Screenshot (286).png

Observation:

  • In ‘Precip Type’, there are 517 missing values.
  • ‘Wind Bearing (degrees)’ has only integer values
  • Formatted Date is in String.
  • Minimum values of Humidity, Wind Speed (km/h), Wind Bearing (degrees), Visibility (km) are Zero and they can be Zero.
  • We only need 3 columns for our task which is data[‘Formatted Date’, ‘Apparent Temperature(c)’, ‘Humidity’]. So, we can ignore the missing values

The unique values of a column are obtained using the unique() function.

data['Loud Cover'].unique()

Output: array([0.])

We can remove the unwanted columns which don’t add value to the analysis using the drop() function. We will drop ‘Loud Cover’ as it has one unique value 0 and it is not useful in analysis.

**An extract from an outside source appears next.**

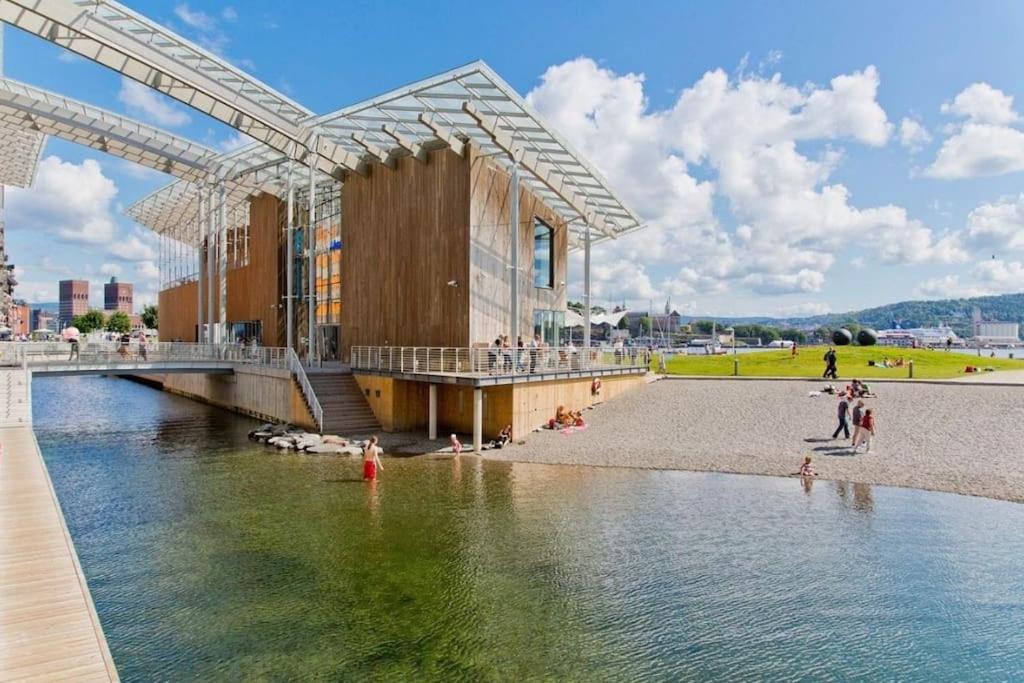 Aker Brygge - Sjøside hjem - Sentral beliggenhet في أوسلو: عمل بناء بجانب تجمع للمياه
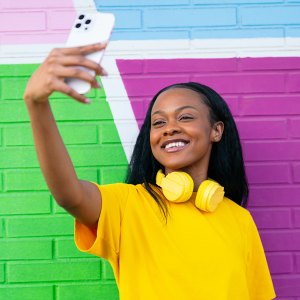 Brightly dressed woman with yellow headphones enjoys taking a selfie, with a vibrant urban wall behind.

data = data.drop([‘Loud Cover’], axis = 1)

Pairwise correlation of all columns in the data frame Correlation matrices are an essential tool of exploratory data analysis. Correlation heatmaps contain the same information in a visually appealing way. We can display the pairwise correlation using corr() function which creates the correlation matrix between all the features in the dataset.

# Increase the size of the heatmap
plt.figure(figsize=(10,8))
# Store heatmap object in a variable to easily access it when you want to include more features and set the annotation to True to display the correlation values on the heatmap.
sns.heatmap(data= data.corr(), annot=True)
# Give a title to the heatmap. 
plt.title(“Pairwise correlation of all columns in the dataframe”)
# save the figure
plt.savefig(‘plot6.png’, dpi=300, bbox_inches=’tight’)
plt.show()

image.png Change the ‘Formatted Date’ feature from String to Datetime using the datetime() function.

data[‘Formatted Date’] = pd.to_datetime(data[‘Formatted Date’],
utc=True)

We can set “Formatted Date” as an index using the set_index() function which sets the DataFrame index (row labels) using one or more existing columns.

data = data.set_index(“Formatted Date”)
data

image.png In the above image, we can see that the “Formatted Date” is changed to the datetime format and is set as the index of the dataset. The updated dataset has 96453 rows and 11 columns.

Resample Data : Now, we have hourly data, we need to resample it to monthly. Resampling is a convenient method for frequency conversion. The object must have a datetime like an index. We only require the Apparent Temperature and humidity columns to test the hypothesis. So, we will consider these two columns and perform a resample() function from Pandas.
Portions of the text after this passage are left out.